■ **EXERCISE DETAILS**
Start at the line that contains "Moving on to" in the listing below and extract every line through the last, exactly; leave pictures out.

■ **LISTED RECORDS**

>>>

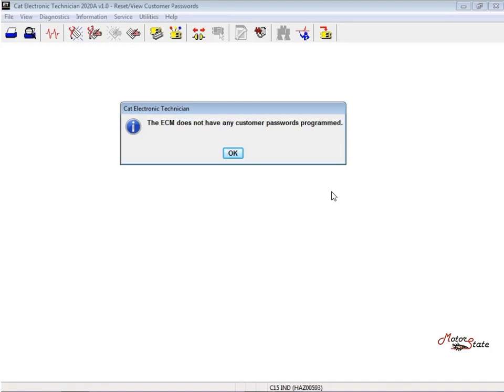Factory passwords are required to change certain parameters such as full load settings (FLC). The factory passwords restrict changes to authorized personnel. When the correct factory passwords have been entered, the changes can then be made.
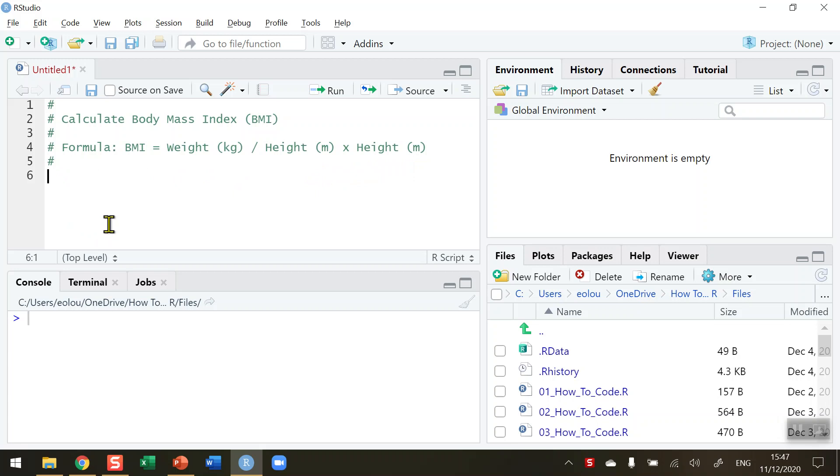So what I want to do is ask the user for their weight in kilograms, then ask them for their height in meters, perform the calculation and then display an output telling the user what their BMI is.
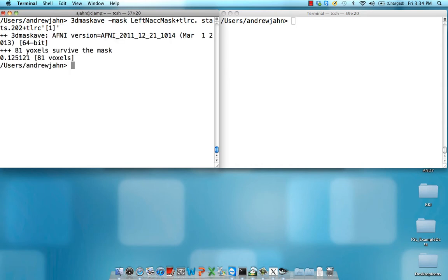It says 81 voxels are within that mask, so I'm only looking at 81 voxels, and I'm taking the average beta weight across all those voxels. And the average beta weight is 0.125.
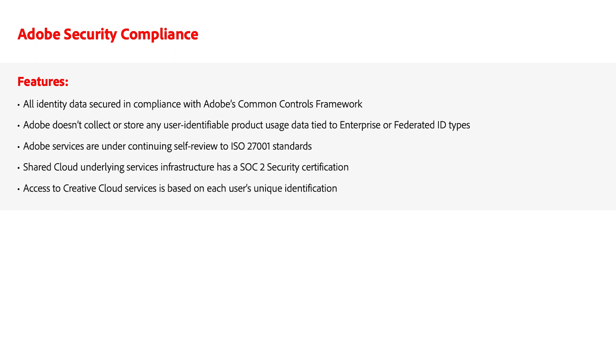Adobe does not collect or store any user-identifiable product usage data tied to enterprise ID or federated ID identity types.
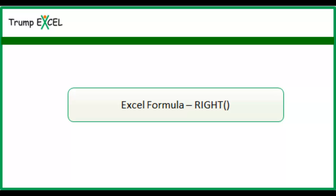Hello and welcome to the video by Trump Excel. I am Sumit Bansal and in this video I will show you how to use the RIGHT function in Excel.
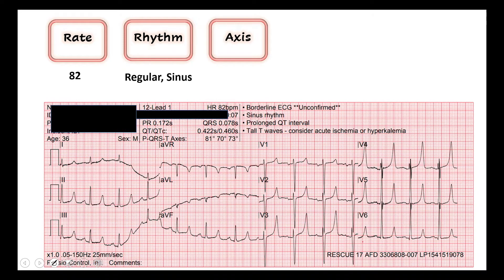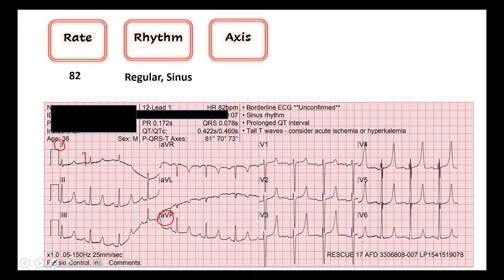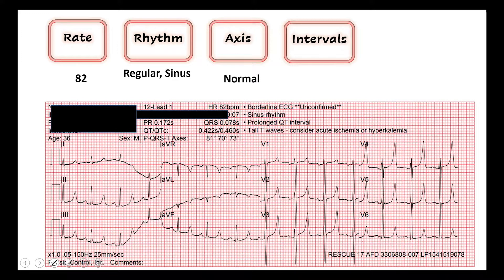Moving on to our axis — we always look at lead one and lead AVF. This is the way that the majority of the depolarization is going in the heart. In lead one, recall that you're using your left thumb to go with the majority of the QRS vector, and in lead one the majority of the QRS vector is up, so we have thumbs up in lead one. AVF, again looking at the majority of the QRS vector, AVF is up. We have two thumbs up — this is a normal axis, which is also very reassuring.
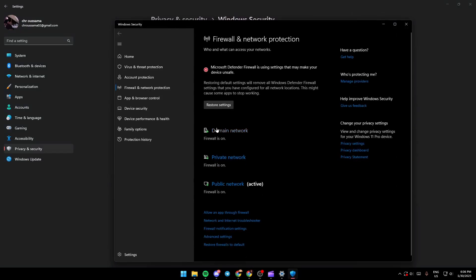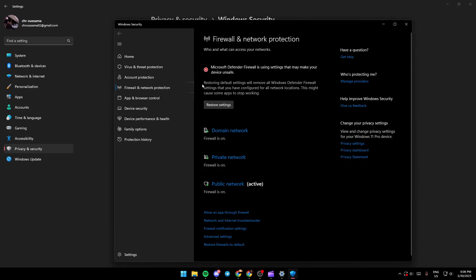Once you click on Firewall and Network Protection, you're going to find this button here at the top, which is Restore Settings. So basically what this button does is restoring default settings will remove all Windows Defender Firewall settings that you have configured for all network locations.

<<<

■ **ANSWER SECTION**
Moving on to our axis — we always look at lead one and lead AVF. This is the way that the majority of the depolarization is going in the heart. In lead one, recall that you're using your left thumb to go with the majority of the QRS vector, and in lead one the majority of the QRS vector is up, so we have thumbs up in lead one. AVF, again looking at the majority of the QRS vector, AVF is up. We have two thumbs up — this is a normal axis, which is also very reassuring.
Once you click on Firewall and Network Protection, you're going to find this button here at the top, which is Restore Settings. So basically what this button does is restoring default settings will remove all Windows Defender Firewall settings that you have configured for all network locations.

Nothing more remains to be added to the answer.